“In the 1960s, the California State Water Project, conceived and built during the administration of Governor Edmund G. ‘Pat’ Brown, was designed to guarantee adequate water for the rapidly growing Southland well into the twenty-first century. However, since the California Aqueduct carried more water than Los Angeles Metropolitan Water District (Met) customers could use in the short run, valley growers persuaded the Met to sell them the surplus for the energy cost of delivery.”
Ruth Wilson Gilmore
Today I spent my morning revisiting Golden Gulag: Prisons, Surplus, Crisis, and Opposition in Globalizing California by Ruth Wilson Gilmore, one of my favorite books by one of my favorite authors. Nevertheless, as I read the above passage—part of a discussion on the 1902 Federal Reclamation Act and the exploitation of water legislation by corporations in California—my positive disposition waned. Instead of being immersed in Gilmore’s adept portrayal of exploitation and injustice in the California carceral system, I found myself fixating on her use of the word ‘however.’

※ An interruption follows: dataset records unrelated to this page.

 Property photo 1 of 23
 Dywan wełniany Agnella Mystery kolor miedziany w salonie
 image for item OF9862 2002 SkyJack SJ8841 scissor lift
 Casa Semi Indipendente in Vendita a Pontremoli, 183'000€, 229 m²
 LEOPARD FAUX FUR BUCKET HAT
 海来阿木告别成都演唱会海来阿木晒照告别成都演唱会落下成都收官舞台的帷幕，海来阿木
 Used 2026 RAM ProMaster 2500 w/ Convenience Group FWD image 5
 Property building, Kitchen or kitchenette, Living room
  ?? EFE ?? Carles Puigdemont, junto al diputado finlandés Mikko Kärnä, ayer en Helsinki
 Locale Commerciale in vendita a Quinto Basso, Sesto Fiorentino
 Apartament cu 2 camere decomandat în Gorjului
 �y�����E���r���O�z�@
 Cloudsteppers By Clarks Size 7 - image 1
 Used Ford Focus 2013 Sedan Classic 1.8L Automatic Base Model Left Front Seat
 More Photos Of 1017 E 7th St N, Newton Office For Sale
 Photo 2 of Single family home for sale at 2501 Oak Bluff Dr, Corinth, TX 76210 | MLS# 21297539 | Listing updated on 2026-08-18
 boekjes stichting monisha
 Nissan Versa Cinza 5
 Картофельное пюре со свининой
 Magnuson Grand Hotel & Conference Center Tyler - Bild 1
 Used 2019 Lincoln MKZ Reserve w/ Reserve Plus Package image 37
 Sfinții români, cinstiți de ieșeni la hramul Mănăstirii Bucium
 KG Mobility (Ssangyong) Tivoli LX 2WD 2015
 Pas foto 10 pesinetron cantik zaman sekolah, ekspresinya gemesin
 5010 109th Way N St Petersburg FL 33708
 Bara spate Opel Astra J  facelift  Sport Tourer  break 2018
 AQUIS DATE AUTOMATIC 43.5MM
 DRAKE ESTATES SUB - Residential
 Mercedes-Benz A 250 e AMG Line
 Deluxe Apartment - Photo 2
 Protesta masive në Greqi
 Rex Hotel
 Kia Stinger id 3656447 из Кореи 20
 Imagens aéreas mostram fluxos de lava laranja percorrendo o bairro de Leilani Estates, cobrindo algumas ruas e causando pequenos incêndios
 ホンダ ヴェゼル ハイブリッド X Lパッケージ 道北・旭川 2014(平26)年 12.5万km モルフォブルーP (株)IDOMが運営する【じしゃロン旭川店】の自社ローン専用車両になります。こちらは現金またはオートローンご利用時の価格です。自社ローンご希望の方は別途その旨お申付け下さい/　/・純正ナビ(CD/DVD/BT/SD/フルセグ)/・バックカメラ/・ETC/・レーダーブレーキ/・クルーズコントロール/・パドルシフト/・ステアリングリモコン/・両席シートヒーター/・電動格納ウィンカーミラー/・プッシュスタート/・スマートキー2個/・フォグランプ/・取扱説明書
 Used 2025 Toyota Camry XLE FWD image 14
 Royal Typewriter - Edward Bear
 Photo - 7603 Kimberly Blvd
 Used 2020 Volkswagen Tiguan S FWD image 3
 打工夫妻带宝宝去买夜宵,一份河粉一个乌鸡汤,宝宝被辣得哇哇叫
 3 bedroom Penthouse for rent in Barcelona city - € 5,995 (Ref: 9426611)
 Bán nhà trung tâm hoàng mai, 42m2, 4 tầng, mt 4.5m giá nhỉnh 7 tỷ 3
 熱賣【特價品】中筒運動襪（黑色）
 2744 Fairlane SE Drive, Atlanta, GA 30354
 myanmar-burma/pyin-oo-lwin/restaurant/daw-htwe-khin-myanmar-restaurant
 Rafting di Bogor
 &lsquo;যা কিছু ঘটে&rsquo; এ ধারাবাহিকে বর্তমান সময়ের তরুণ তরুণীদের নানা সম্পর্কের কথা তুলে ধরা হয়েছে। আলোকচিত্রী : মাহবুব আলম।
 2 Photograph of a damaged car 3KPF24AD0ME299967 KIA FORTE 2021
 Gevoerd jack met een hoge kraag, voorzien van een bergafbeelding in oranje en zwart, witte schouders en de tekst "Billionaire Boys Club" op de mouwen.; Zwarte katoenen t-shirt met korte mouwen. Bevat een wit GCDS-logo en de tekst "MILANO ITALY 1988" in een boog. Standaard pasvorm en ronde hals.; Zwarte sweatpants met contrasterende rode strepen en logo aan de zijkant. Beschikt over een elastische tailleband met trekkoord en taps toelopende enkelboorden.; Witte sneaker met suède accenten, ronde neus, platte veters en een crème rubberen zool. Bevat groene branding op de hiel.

Today, many view syntax guidelines as archaic and irrelevant rules rather than tools for effective communication. Few, besides myself, find enjoyment in perusing William Strunk Jr. and E.B. White’s The Elements of Style or the Chicago Manual of Style for fun. This means that they miss section 5.204 of the manual and page 48 of Strunk and White’s:
“As a matter of style, however is more effectively used within a sentence to emphasize the word or phrase that precedes it. Many highly accomplished writers shun the sentence-starting however as a contrast word. Yet the word is fine in that position in the ‘in whatever way’ (not followed by a comma)”
Chicago Manual of Style, 5.204
“Avoid starting a sentence with however when the meaning is ‘nevertheless.’ The word usually serves better when not in first position. When however comes first, it means ‘in whatever way’ or ‘to whatever extent.’”
Strunk and White
Unfortunately, most people remain unaware of these nuances; some grammar-checking software even suggests replacing ‘nevertheless’ with the incorrect ‘however.’ This is an epidemic we MUST address. While it might not constitute a specific grammatical error, matters of syntax and optimal sentence construction are equally pressing.
So please, for my sanity, stop using however in the place of nevertheless.